Mr. Evanier's and Mr. Grayson's stories are full of insanity, nutty therapists, cancerous relatives, broken homes, fiction workshops, youthful theatricals at Catskill bungalow colonies and the morbid wizardry of telephone-answering machines. Writing at less than the top of the their forms, both writers appear as sensibilities in search of story, grab bags of meaningful memory, acute perceptions and mordant social comment, which neither seems able to sift through and transform into art. Yet now and again for Mr. Grayson the shticks become inspired, as in a two-page meditation on the letter "Y" ("Y/Me") in the present volume and in the story "Inside Barbara Walters" in "Disjointed Fictions" (1981).

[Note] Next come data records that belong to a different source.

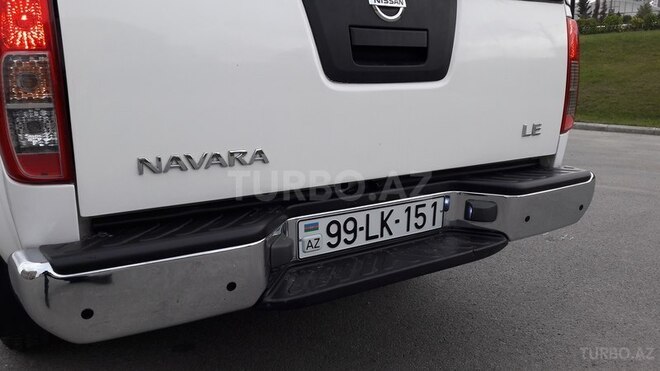 Nissan Navara 2014, 105,000 km - 2.5 л - Bakı
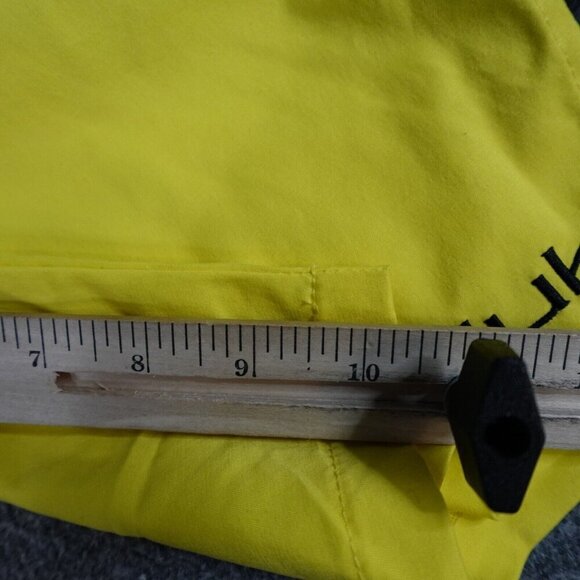 Huk Shorts 32 Yellow Pockets 10" in Performance Board Drawstring Kryptec - Picture 4 of 14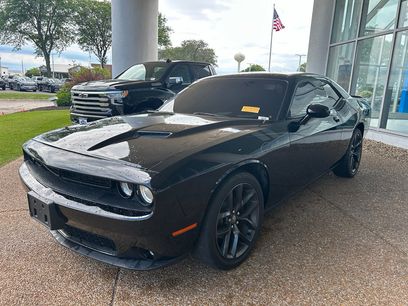 Used 2020 Dodge Challenger SXT w/ Blacktop Package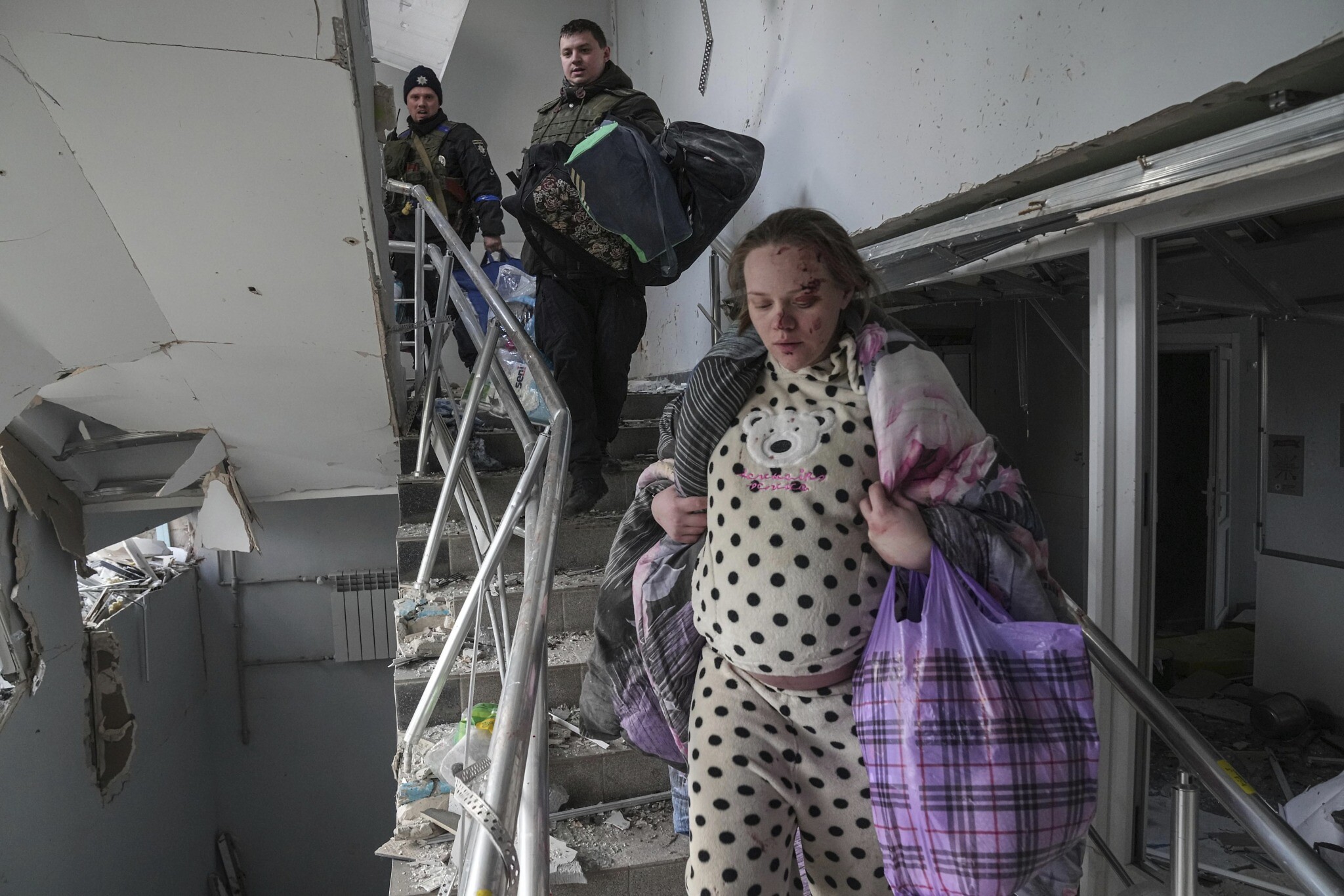 L'Ambasciata russa in Italia: "L'ospedale di Mariupol era occupato dai nazisti". Ditelo a quei bambini uccisi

The histories of some of Mr. Grayson's other characters, like that of Saul in "That's Saul, Folks," are artfully telescoped and given equal valence with the history of the times. That is to say, where were you, reader, when the lights went out for the city of New York? In "Is This Useful? Is This Boring?" fictional beings named Joyce Carol Oates and Donald Barthelme square off over the issue of the fragment as a viable literary form, but then they patch up their differences. The title story threatens for a while to turn into a well-made story about two friends involved with the same woman, and both fearful, in the computer age, of continuing to lead the hand-to-mouth artistic life, but it pulls back just in time. If one is not blessed with a gift for extended narrative (a problem Mr. Grayson faces squarely in "How Not To Write a Novel" in "Lincoln's Doctor's Dog and Other Stories," 1982), then why not go for the spring? And in a 24-page pamphlet, "Eating at Arby's" (1982), Mr. Grayson mastered, or invented, a style equidistant between Hemingway's short stories and Dick and Jane, a feat probably useful and, at that length, far from boring.
In "Nice Weather, Aren't We?" in the present collection, the grandfather of the character Richard Grayson has been leafing through an anthology of Jewish stories put together by a famous writer named "Ballow." "He looked at me conspiratorially. 'Personally,' he said, 'I prefer your little antidotes,'" Others may, too.
Ivan Gold is the author of "Nickel Miseries," a collection of stories, and "Sick Friends," a novel.